I carry complicity in this. The Catholic Church in the United States has not made extrajudicial killing by our own government a sustained moral crisis. Our bishops have spoken on immigration. They have spoken on the death penalty. But 207 people executed without trial on the open water have not produced the episcopal crisis they should have. The Catholic Church has blessed wars, has blessed inquisitions, has blessed the sword when it suited the prince. The Crusaders marched into Jerusalem chanting “God wills it,” and they slaughtered the city. We are not innocent. I am not innocent. The communities I come from — Catholic, Mexican-American, the borderlands — have sometimes been the loudest voices calling for the very enforcement that produces these deaths when the faces of those killed are not the faces of our own children. We know the stranger’s heart, and still we choose the missile.
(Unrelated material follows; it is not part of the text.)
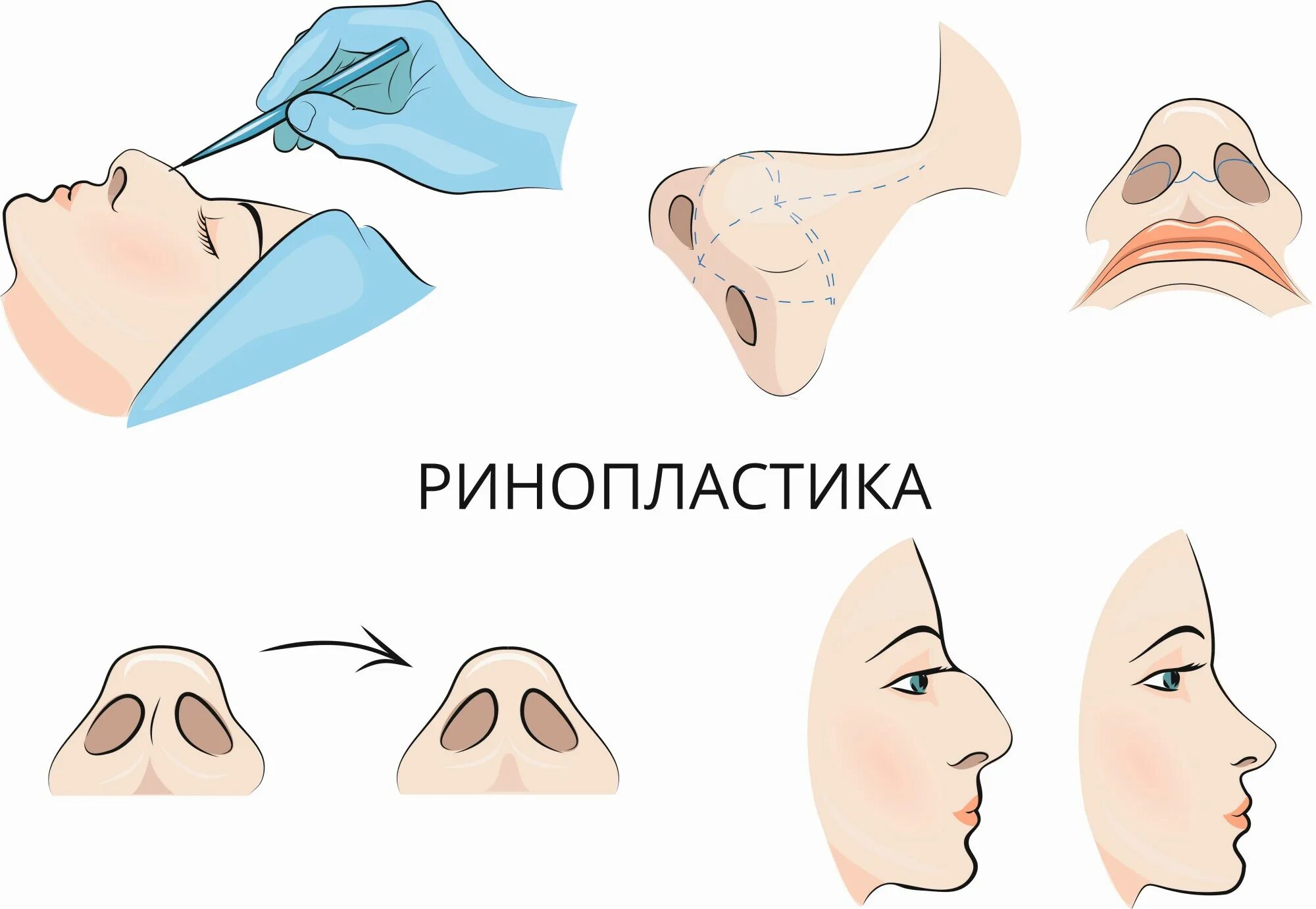 Пластика носа. Ринопластика носа. Ринопластика носа схема.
But that confession is not a license for you to keep doing what you are doing. It is an invitation to you to stop. To stop calling the killing of suspects “lethal kinetic” and pretending it is something other than killing. To stop wrapping the bomb in the language of the altar. To stop treating the waters of the Pacific as a place where you can execute people without a judge and then call it holy.
The Torah commands: “You shall not oppress a resident alien; you know the heart of an alien, for you were aliens in the land of Egypt.” That commandment appears more than thirty times in the books of Moses. Thirty times. God was not ambiguous about strangers.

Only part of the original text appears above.